(Short descriptive text snippets)

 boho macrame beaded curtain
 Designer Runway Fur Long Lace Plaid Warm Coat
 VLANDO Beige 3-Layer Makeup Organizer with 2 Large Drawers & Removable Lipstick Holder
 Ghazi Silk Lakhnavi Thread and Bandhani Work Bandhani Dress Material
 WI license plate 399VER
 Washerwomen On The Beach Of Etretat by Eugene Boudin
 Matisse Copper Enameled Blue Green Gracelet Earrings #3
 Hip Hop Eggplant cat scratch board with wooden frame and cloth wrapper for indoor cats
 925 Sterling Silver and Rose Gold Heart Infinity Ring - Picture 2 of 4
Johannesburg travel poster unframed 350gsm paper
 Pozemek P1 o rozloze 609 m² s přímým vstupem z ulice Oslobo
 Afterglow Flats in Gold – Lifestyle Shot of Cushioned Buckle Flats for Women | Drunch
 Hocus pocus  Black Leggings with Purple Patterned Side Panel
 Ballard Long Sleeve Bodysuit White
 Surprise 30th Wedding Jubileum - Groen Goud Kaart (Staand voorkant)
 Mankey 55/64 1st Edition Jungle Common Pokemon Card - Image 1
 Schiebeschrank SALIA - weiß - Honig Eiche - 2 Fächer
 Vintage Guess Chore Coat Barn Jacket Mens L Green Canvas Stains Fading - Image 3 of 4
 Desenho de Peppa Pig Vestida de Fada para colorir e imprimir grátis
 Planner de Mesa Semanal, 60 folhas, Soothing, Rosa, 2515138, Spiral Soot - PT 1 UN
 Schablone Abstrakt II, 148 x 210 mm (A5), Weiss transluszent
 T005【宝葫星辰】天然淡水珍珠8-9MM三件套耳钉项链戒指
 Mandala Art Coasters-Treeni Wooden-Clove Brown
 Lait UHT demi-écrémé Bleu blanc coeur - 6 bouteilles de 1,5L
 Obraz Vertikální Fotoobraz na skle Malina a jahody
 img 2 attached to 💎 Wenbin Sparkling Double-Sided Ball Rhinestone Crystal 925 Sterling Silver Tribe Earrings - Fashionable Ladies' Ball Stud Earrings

** Prompt **
Faithfully copy every entry, leaving nothing out.

** Answer to the problem **
 boho macrame beaded curtain
 Designer Runway Fur Long Lace Plaid Warm Coat
 VLANDO Beige 3-Layer Makeup Organizer with 2 Large Drawers & Removable Lipstick Holder
 Ghazi Silk Lakhnavi Thread and Bandhani Work Bandhani Dress Material
 WI license plate 399VER
 Washerwomen On The Beach Of Etretat by Eugene Boudin
 Matisse Copper Enameled Blue Green Gracelet Earrings #3
 Hip Hop Eggplant cat scratch board with wooden frame and cloth wrapper for indoor cats
 925 Sterling Silver and Rose Gold Heart Infinity Ring - Picture 2 of 4
Johannesburg travel poster unframed 350gsm paper
 Pozemek P1 o rozloze 609 m² s přímým vstupem z ulice Oslobo
 Afterglow Flats in Gold – Lifestyle Shot of Cushioned Buckle Flats for Women | Drunch
 Hocus pocus  Black Leggings with Purple Patterned Side Panel
 Ballard Long Sleeve Bodysuit White
 Surprise 30th Wedding Jubileum - Groen Goud Kaart (Staand voorkant)
 Mankey 55/64 1st Edition Jungle Common Pokemon Card - Image 1
 Schiebeschrank SALIA - weiß - Honig Eiche - 2 Fächer
 Vintage Guess Chore Coat Barn Jacket Mens L Green Canvas Stains Fading - Image 3 of 4
 Desenho de Peppa Pig Vestida de Fada para colorir e imprimir grátis
 Planner de Mesa Semanal, 60 folhas, Soothing, Rosa, 2515138, Spiral Soot - PT 1 UN
 Schablone Abstrakt II, 148 x 210 mm (A5), Weiss transluszent
 T005【宝葫星辰】天然淡水珍珠8-9MM三件套耳钉项链戒指
 Mandala Art Coasters-Treeni Wooden-Clove Brown
 Lait UHT demi-écrémé Bleu blanc coeur - 6 bouteilles de 1,5L
 Obraz Vertikální Fotoobraz na skle Malina a jahody
 img 2 attached to 💎 Wenbin Sparkling Double-Sided Ball Rhinestone Crystal 925 Sterling Silver Tribe Earrings - Fashionable Ladies' Ball Stud Earrings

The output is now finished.